== Provided entries ==

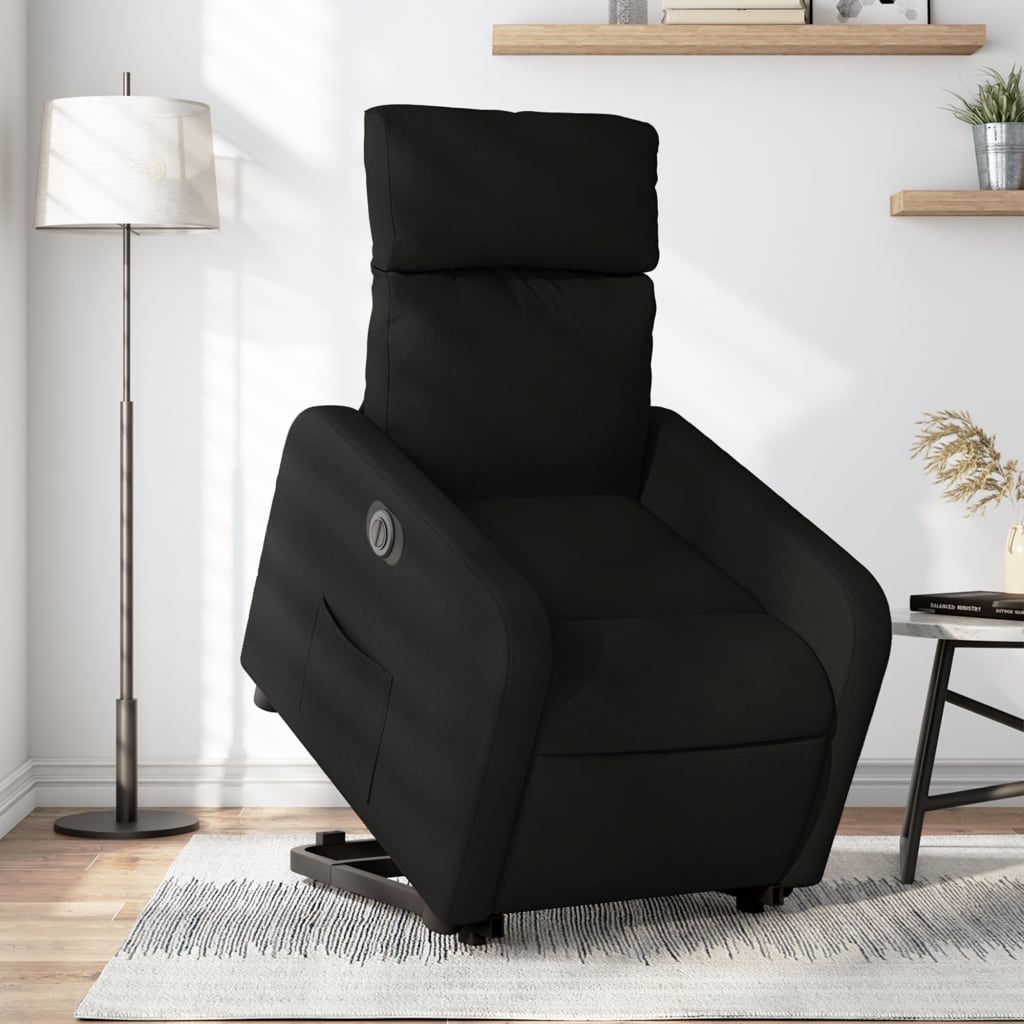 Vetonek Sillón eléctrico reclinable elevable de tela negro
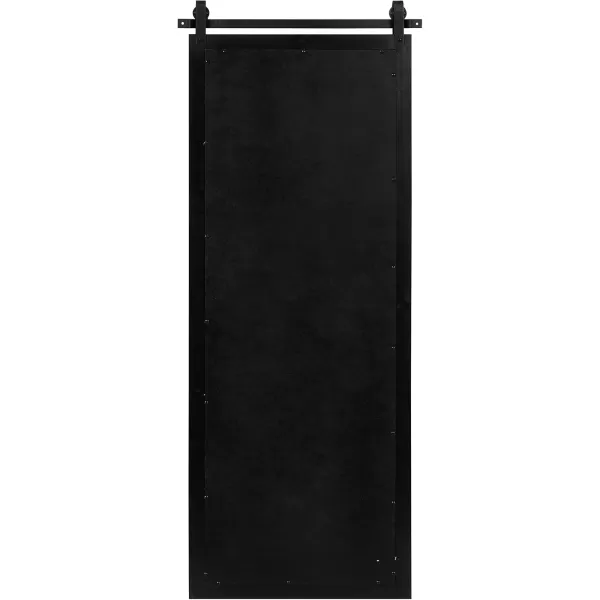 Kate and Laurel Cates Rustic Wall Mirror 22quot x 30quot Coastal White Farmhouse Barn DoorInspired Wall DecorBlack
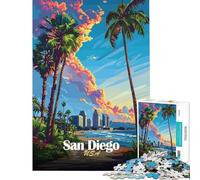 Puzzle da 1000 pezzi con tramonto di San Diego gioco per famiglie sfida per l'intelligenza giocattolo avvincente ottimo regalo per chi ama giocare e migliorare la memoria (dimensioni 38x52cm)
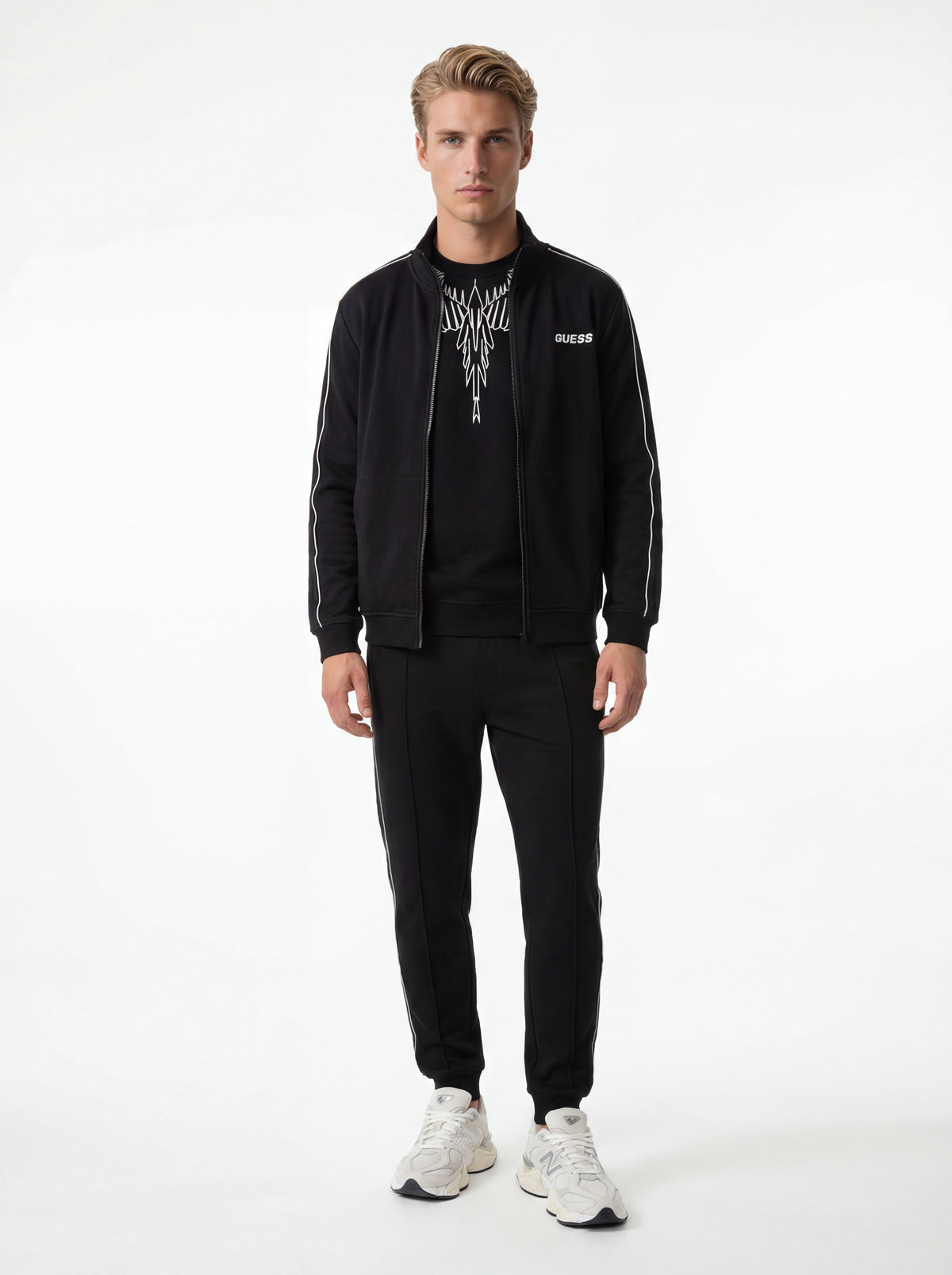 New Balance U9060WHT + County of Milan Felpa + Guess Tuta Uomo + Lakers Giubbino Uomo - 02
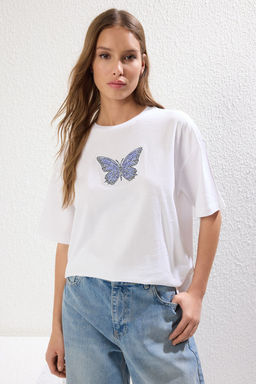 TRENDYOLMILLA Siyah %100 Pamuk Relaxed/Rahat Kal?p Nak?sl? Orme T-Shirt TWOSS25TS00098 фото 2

===

**Required action**
Exact repetition required: repeat the first line of the listing above, the line containing "Kate and Laurel", and every line between, leaving out pictures.

**Written solution**
 Vetonek Sillón eléctrico reclinable elevable de tela negro
 Kate and Laurel Cates Rustic Wall Mirror 22quot x 30quot Coastal White Farmhouse Barn DoorInspired Wall DecorBlack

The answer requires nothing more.